▶ [WORK TASK]: Of the entries below, return only those lines from the line with "Lippenstift Matt 10 Red Kiss, 4 g" to the line with "Thumbnail: 2020 Hyundai Elantra - 12", exactly, both included.

▶ [DATASET]:
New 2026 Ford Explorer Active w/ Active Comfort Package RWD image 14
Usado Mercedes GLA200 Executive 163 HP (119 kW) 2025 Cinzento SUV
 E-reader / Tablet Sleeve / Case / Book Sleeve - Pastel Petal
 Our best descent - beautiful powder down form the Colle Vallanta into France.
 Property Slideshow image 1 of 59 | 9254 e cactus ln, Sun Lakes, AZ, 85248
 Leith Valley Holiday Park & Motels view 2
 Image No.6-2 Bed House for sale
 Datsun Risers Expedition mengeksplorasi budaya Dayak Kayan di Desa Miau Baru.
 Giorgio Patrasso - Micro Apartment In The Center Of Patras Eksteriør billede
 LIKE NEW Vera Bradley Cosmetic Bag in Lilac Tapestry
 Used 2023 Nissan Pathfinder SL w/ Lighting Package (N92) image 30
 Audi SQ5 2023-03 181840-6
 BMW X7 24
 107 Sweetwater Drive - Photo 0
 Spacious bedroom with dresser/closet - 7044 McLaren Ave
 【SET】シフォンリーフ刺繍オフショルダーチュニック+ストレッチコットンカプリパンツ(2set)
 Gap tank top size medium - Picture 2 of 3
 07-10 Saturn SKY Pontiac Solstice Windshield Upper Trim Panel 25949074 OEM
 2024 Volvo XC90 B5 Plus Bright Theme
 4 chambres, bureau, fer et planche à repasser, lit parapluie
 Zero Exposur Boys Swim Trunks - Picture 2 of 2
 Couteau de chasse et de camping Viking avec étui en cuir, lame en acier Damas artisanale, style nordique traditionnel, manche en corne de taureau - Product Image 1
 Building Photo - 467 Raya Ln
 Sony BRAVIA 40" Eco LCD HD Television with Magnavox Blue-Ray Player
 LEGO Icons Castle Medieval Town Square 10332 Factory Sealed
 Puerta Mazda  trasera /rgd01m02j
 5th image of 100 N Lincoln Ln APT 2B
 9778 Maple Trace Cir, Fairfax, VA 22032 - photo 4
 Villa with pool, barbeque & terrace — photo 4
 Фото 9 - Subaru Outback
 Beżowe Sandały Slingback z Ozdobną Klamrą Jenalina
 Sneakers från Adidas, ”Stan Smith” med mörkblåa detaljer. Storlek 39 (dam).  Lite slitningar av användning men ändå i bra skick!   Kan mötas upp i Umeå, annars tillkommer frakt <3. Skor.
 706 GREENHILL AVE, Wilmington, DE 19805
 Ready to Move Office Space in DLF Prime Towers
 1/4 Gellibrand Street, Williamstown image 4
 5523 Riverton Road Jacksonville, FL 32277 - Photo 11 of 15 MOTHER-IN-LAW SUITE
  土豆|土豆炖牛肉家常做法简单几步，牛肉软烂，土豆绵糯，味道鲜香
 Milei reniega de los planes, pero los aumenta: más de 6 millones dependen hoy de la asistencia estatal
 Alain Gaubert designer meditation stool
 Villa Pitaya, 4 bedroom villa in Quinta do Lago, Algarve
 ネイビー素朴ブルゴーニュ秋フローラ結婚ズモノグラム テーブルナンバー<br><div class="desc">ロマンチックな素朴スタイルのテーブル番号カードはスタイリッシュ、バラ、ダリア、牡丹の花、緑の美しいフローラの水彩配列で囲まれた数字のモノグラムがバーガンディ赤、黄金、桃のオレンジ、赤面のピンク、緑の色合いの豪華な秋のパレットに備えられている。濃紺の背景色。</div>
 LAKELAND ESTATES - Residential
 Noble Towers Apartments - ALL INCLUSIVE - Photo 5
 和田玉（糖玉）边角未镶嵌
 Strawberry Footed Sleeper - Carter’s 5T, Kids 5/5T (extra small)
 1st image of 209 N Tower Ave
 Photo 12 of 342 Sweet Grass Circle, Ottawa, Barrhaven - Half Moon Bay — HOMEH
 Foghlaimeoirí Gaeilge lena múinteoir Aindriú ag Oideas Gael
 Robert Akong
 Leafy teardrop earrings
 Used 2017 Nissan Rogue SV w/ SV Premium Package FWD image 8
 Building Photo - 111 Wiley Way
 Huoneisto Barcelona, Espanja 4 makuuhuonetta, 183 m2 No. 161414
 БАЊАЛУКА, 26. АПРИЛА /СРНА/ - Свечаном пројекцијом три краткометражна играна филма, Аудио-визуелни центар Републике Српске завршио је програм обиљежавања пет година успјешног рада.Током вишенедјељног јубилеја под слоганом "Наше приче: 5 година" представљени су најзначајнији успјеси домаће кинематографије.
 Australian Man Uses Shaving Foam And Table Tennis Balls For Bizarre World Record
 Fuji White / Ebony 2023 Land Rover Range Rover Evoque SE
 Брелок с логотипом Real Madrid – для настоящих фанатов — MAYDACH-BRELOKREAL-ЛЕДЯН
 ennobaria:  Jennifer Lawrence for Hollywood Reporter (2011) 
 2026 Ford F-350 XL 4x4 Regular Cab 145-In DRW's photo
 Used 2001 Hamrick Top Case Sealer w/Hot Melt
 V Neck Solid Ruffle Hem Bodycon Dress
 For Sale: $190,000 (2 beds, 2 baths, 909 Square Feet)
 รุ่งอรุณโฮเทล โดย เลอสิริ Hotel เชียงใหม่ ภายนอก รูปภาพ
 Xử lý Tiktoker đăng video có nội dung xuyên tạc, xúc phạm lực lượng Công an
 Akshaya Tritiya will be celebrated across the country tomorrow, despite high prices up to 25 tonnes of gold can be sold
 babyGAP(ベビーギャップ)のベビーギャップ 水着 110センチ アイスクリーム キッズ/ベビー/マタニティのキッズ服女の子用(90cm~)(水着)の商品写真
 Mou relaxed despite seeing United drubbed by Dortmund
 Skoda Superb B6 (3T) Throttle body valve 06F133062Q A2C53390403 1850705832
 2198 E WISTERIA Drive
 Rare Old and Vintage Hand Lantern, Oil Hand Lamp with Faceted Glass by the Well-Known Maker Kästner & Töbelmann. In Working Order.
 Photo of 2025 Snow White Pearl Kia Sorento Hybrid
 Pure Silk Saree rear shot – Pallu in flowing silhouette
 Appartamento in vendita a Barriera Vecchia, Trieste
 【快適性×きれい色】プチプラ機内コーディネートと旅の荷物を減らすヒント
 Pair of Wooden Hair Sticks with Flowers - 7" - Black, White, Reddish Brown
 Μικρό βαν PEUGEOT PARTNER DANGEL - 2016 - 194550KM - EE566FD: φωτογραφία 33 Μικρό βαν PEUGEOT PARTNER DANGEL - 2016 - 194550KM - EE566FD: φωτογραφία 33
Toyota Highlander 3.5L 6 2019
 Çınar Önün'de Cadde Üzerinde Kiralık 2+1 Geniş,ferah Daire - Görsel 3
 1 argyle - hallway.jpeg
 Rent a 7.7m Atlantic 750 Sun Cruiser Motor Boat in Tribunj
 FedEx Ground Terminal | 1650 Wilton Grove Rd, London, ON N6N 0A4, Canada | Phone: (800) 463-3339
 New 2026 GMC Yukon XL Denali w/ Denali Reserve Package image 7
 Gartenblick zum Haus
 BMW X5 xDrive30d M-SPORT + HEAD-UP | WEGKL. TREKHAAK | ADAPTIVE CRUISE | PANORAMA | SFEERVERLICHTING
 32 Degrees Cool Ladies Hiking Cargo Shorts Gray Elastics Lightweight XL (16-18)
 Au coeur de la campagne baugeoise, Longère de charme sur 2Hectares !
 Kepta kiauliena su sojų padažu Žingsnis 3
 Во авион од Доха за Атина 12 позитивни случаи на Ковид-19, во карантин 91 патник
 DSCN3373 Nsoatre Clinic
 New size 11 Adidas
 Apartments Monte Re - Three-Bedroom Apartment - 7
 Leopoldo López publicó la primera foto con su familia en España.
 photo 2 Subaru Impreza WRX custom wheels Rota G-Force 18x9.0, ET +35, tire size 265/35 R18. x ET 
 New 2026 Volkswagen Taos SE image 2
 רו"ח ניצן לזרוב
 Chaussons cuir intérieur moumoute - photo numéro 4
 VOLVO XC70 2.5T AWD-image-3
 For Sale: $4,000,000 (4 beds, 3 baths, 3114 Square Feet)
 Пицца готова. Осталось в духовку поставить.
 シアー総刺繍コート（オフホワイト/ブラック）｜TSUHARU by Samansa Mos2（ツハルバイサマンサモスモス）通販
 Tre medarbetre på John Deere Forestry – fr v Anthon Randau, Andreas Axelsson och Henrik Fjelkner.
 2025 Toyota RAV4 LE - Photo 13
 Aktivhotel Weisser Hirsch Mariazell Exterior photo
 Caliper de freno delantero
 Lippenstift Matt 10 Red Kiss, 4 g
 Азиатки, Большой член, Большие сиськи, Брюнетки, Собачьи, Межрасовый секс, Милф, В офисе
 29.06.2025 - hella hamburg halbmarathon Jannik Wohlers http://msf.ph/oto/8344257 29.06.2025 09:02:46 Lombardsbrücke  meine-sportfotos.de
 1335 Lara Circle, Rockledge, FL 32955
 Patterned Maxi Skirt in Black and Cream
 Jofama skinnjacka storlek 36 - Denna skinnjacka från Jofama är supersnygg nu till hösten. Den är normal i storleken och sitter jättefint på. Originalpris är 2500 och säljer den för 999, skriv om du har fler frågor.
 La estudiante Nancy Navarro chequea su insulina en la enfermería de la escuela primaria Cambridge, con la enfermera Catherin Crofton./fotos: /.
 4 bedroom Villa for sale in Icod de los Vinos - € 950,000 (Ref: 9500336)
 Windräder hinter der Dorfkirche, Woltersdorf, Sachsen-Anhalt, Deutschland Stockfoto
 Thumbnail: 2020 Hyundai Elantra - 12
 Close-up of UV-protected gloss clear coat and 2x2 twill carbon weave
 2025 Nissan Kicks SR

▶ [ANSWER BOX]:
 Lippenstift Matt 10 Red Kiss, 4 g
 Азиатки, Большой член, Большие сиськи, Брюнетки, Собачьи, Межрасовый секс, Милф, В офисе
 29.06.2025 - hella hamburg halbmarathon Jannik Wohlers http://msf.ph/oto/8344257 29.06.2025 09:02:46 Lombardsbrücke  meine-sportfotos.de
 1335 Lara Circle, Rockledge, FL 32955
 Patterned Maxi Skirt in Black and Cream
 Jofama skinnjacka storlek 36 - Denna skinnjacka från Jofama är supersnygg nu till hösten. Den är normal i storleken och sitter jättefint på. Originalpris är 2500 och säljer den för 999, skriv om du har fler frågor.
 La estudiante Nancy Navarro chequea su insulina en la enfermería de la escuela primaria Cambridge, con la enfermera Catherin Crofton./fotos: /.
 4 bedroom Villa for sale in Icod de los Vinos - € 950,000 (Ref: 9500336)
 Windräder hinter der Dorfkirche, Woltersdorf, Sachsen-Anhalt, Deutschland Stockfoto
 Thumbnail: 2020 Hyundai Elantra - 12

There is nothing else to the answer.